I took a look at the recession of the early 1980s to get an idea of how much our oil consumption could fall. I knew consumption went down a significant amount, but what I found was dramatic…
From a peak in 1978, oil consumption fell for five straight years to a level 19.2% below the peak. What would it mean for a similar drop to take place this time around?
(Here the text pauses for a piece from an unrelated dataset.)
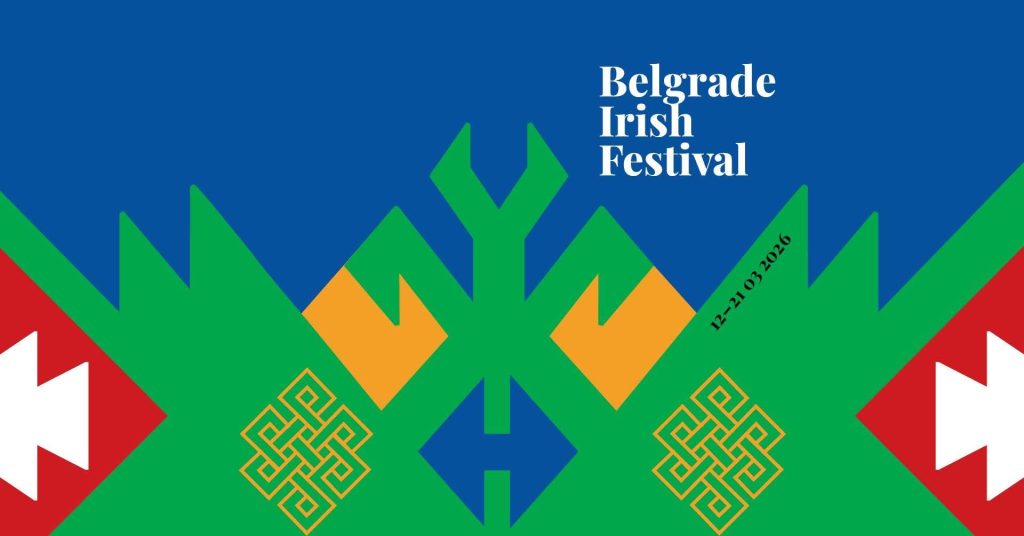 Beogradski irski festival &ndash; koje filmove gledamo na Nedelji irskog filma 14 &ndash; 20. mart 2026. &ndash; reditelji Nil Džordan, Mark Kasins i Alen Gilsenan i glumci Stiven Rej, Rut Nega, Diarmuid Nojs u Beogradu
Well, our demand would fall to 16.8 Mbd, about three Mbd below the 2008 level. The good news: this would negate the need for imports from declining producers Mexico, Venezuela, Norway and the UK. And it would send our greenhouse gas emissions from oil below their 1990 level. But an issue I have discussed in previous blogs is that many of the shifts in consumption in the early 1980s are not available to us today. We substituted oil use to heat our homes and generate electricity during that time with natural gas. But thanks to that substitution in the past, today only ~1% of electricity comes from oil-fired generation and 7% of homes are heated with oil. So, a further 15% cut in oil demand may be more painful today, since it would have to come mostly from our transportation sector. Luckily, we have the technology to ramp up telecommuting and carpooling. And we can shift lines on our roads to accelerate safe bicycle routes to major destinations. American transportation would have to shift toward the European model, including some difficult changes in such a short time frame.
A three Mbd fall in US consumption could send oil prices back down below $60 per barrel unless Saudi Arabia and other OPEC producers cut their production commensurately to preserve a higher price level. I think such a cut would be likely even from non-OPEC producers since current prices are close to the marginal cost of discovery and production for new fields.
In sum, a deep recession in the US has the potential to send prices lower than today’s level ~$80 per barrel due to demand falling as much as 15% further. Due to the substitution that has already taken place in heating and electricity generation, such demand reduction could cut more than the fat (tourism travel and joy-rides) that we became used to during the cheap oil 1990s. On the bright side, such demand reduction would lower our carbon dioxide pollution quickly and increase our oil security by lowering our import demand from declining producers. But clearly any recession is a difficult time for our nation and its people. We will have to learn the lessons of economic growth through energy efficiency for us to successfully get out of the recession in 2010 or (hopefully) soon afterward.